§ RECORDS SHOWN:
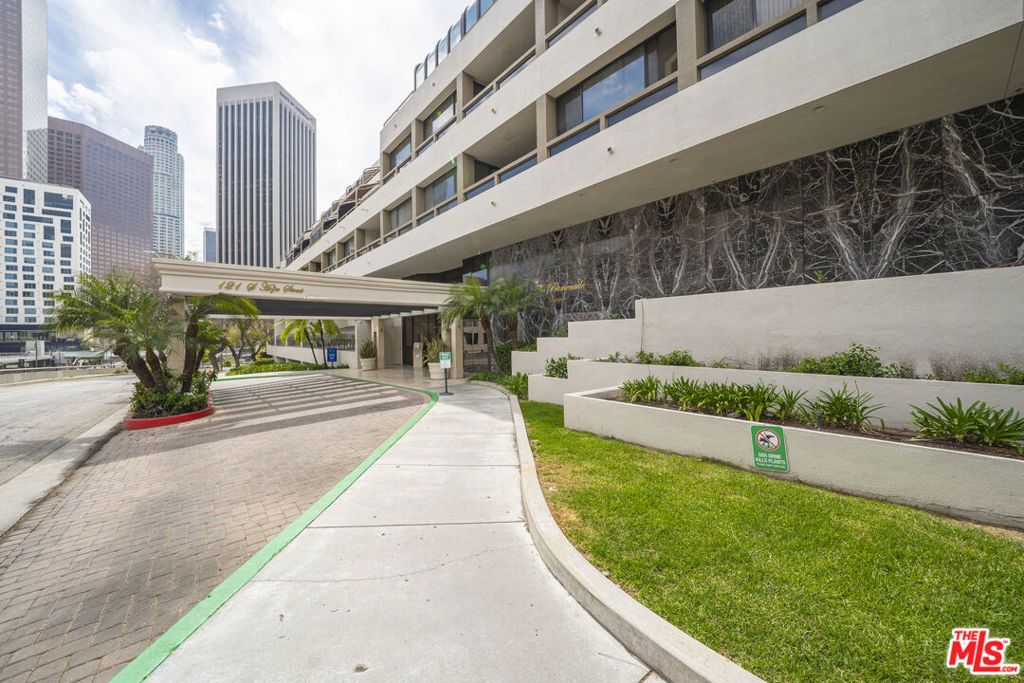 Photo of 121 S Hope Street #431, Los Angeles, CA 90012 (MLS # 26664069)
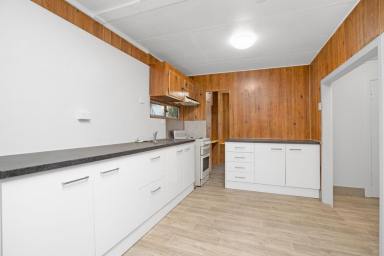 House For Lease - QLD - Park Ridge - 4125 - NO BOND... NO LOCK IN LEASE/CONTRACT... 40+ Living  (Image 2)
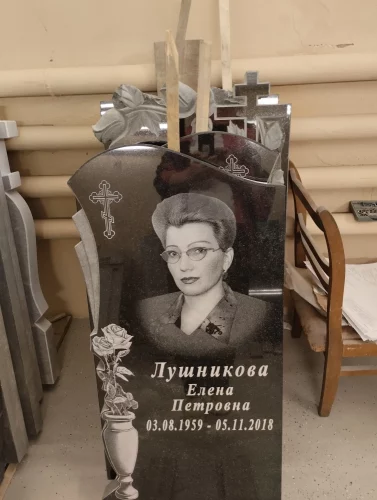 Памятник на могилу гранит вертикальный церковь с куполами 158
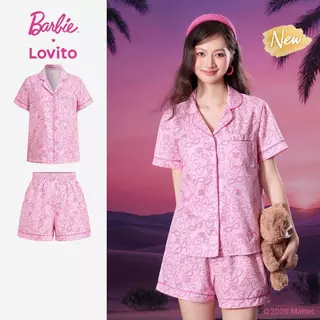 (New Arrival) Barbie™ X Lovito เสื้อท็อปสีชมพูผู้หญิง ฤดูใบไม้ผลิ/ร้อน แขนสั้น คอปก เอวกลาง ขากว้าง กระดุมหน้า ขอบสีตัดกันและกระเป๋า เกาหลี อินเทรนด์ LBL5AD023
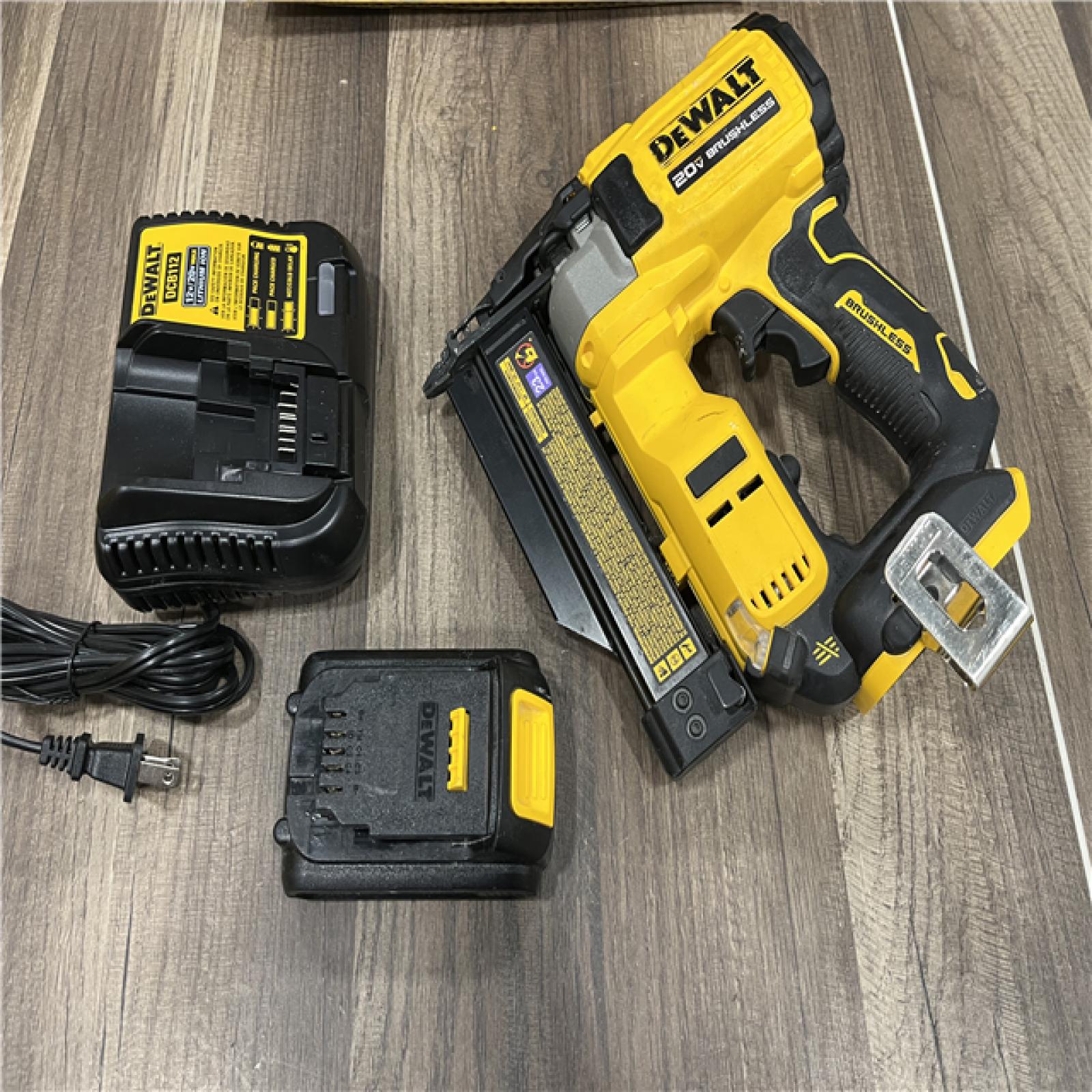 AS-IS DEWALT ATOMIC 20V MAX Lithium Ion Cordless 23 Gauge Pin Nailer Kit with 3.0Ah Battery and Charger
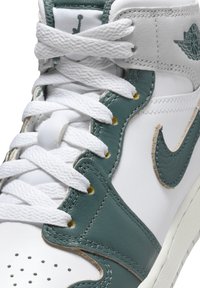 Jordan AIR JORDAN 1 MID SE UNISEX - Sneakers high - white oxidized green-sail-neutral grey
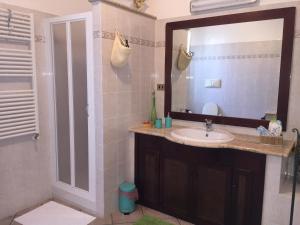 a bathroom with a sink and a mirror at Casale Del Borgo in Hermada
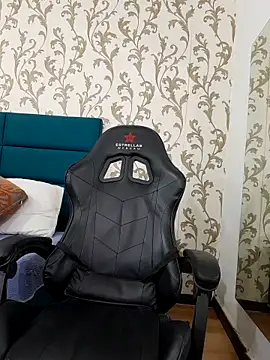 Michael magno online show from March 6, 10:28 pm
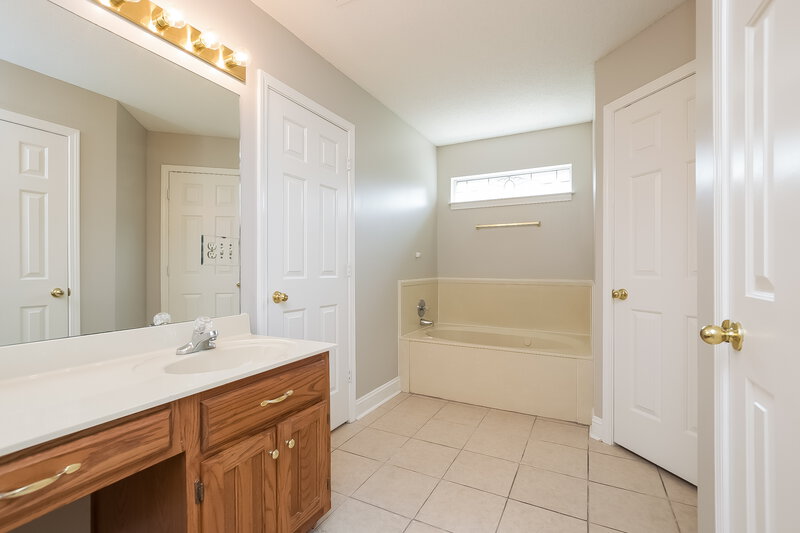 2,130/Mo, 1640 Saddle Ln Southaven, MS 38671 Bathroom View 2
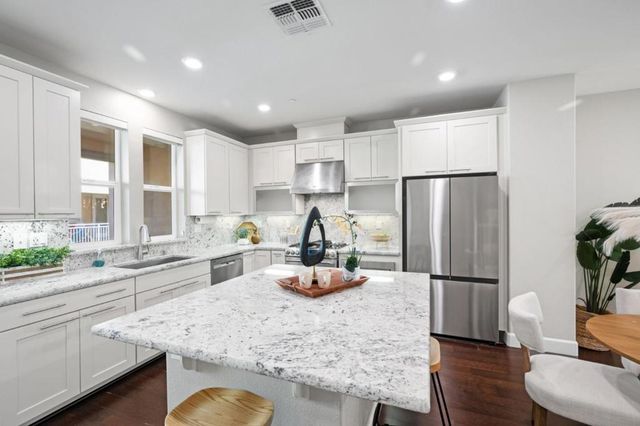 5977 Larkstone Loop, San Jose, CA 95123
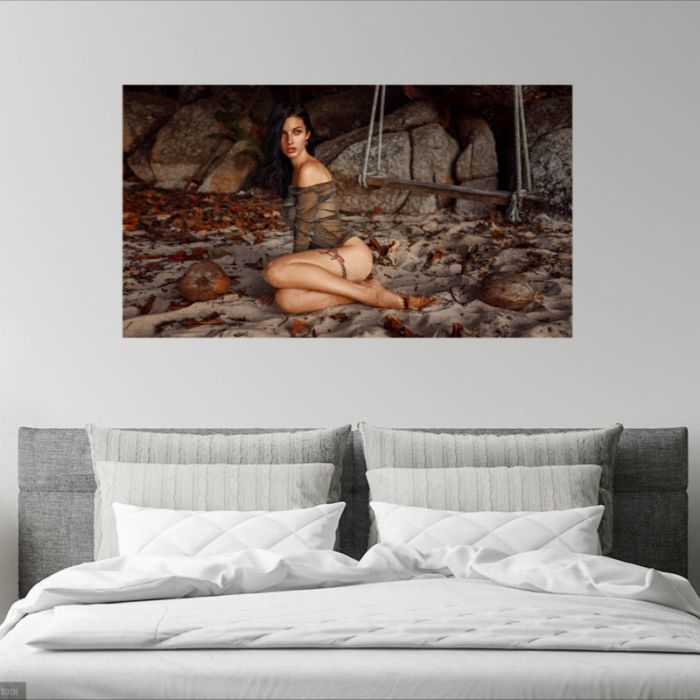 Frau im Bikini neben Schaukel, PlumaArt - Hochwertige erotische Kunst und Fotografie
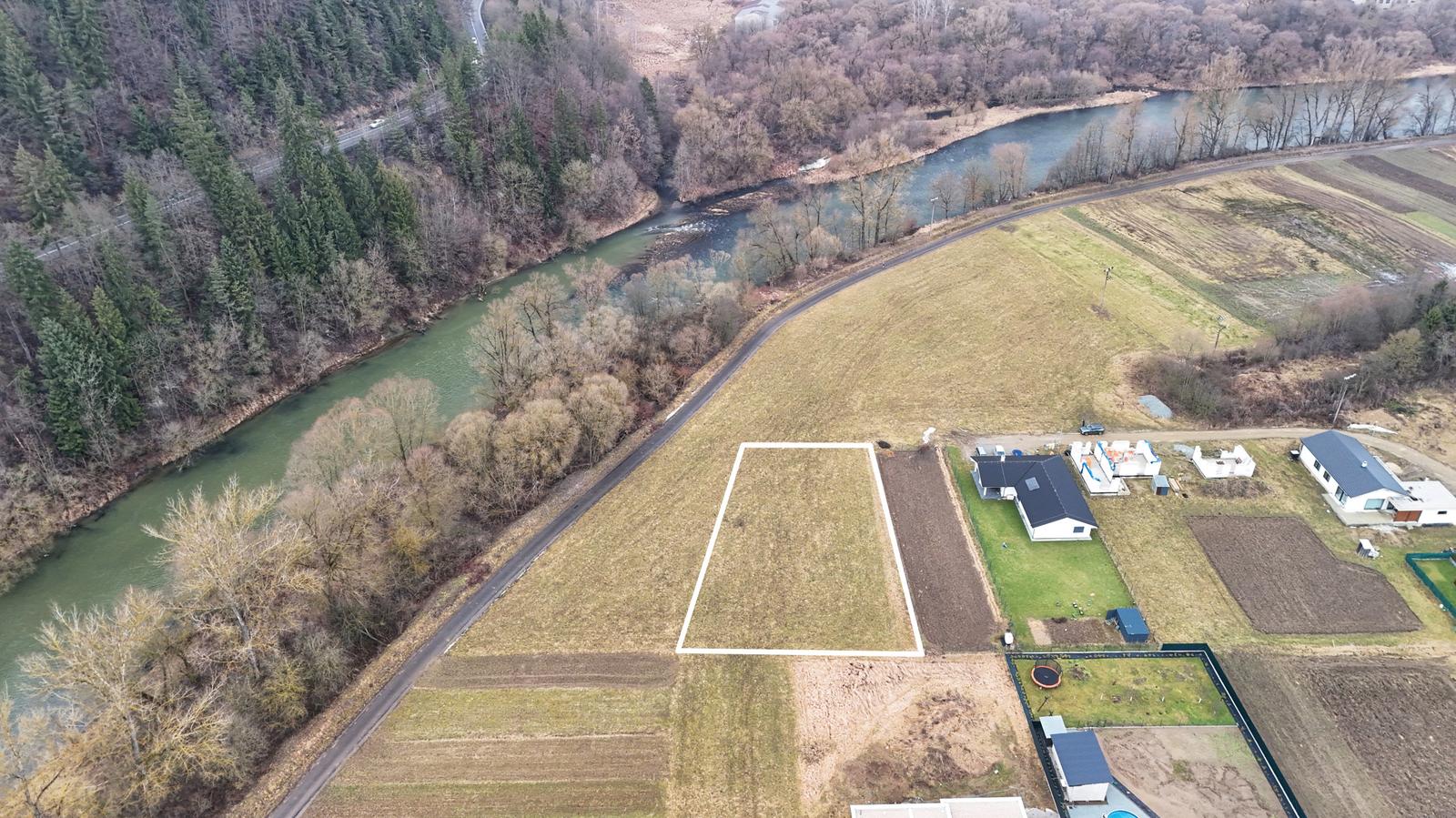 FINREA│Pozemok Medzibrodie nad Oravou 1670 m2 – fotka 2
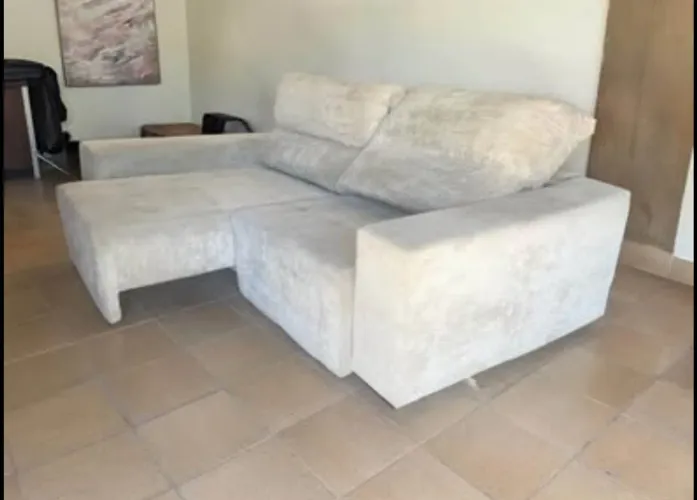 Sofá chenille retrátil 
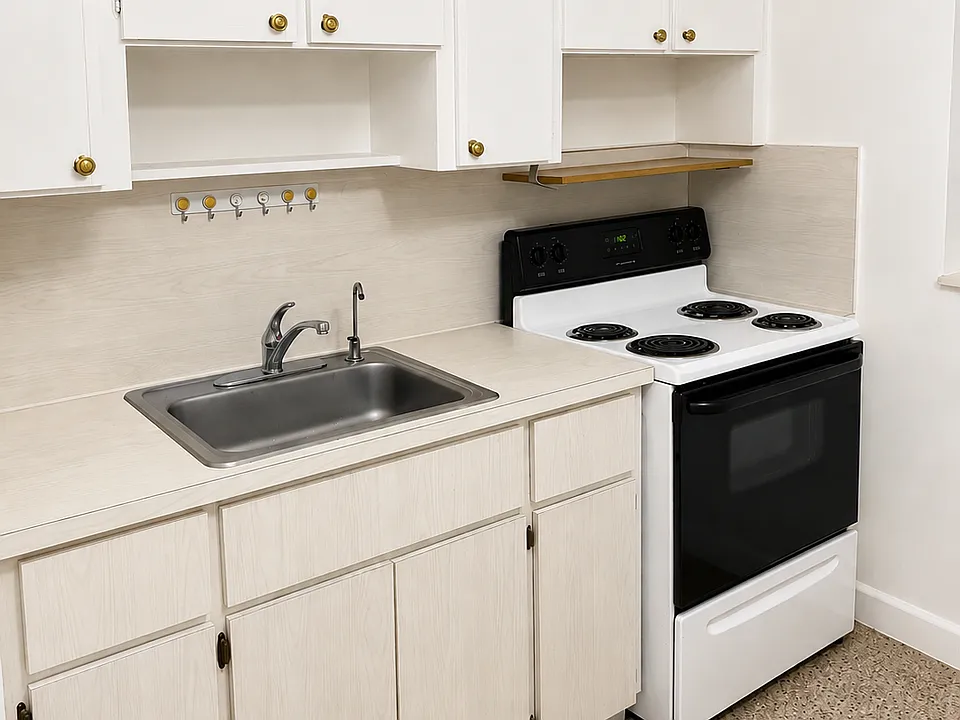 45 W 22nd St #5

§ WHAT YOU HAVE TO DO: Without carrying over any picture, retype the records above word for word.

§ SOLUTION TO THE EXERCISE:
 Photo of 121 S Hope Street #431, Los Angeles, CA 90012 (MLS # 26664069)
 House For Lease - QLD - Park Ridge - 4125 - NO BOND... NO LOCK IN LEASE/CONTRACT... 40+ Living  (Image 2)
 Памятник на могилу гранит вертикальный церковь с куполами 158
 (New Arrival) Barbie™ X Lovito เสื้อท็อปสีชมพูผู้หญิง ฤดูใบไม้ผลิ/ร้อน แขนสั้น คอปก เอวกลาง ขากว้าง กระดุมหน้า ขอบสีตัดกันและกระเป๋า เกาหลี อินเทรนด์ LBL5AD023
 AS-IS DEWALT ATOMIC 20V MAX Lithium Ion Cordless 23 Gauge Pin Nailer Kit with 3.0Ah Battery and Charger
 Jordan AIR JORDAN 1 MID SE UNISEX - Sneakers high - white oxidized green-sail-neutral grey
 a bathroom with a sink and a mirror at Casale Del Borgo in Hermada
 Michael magno online show from March 6, 10:28 pm
 2,130/Mo, 1640 Saddle Ln Southaven, MS 38671 Bathroom View 2
 5977 Larkstone Loop, San Jose, CA 95123
 Frau im Bikini neben Schaukel, PlumaArt - Hochwertige erotische Kunst und Fotografie
 FINREA│Pozemok Medzibrodie nad Oravou 1670 m2 – fotka 2
 Sofá chenille retrátil 
 45 W 22nd St #5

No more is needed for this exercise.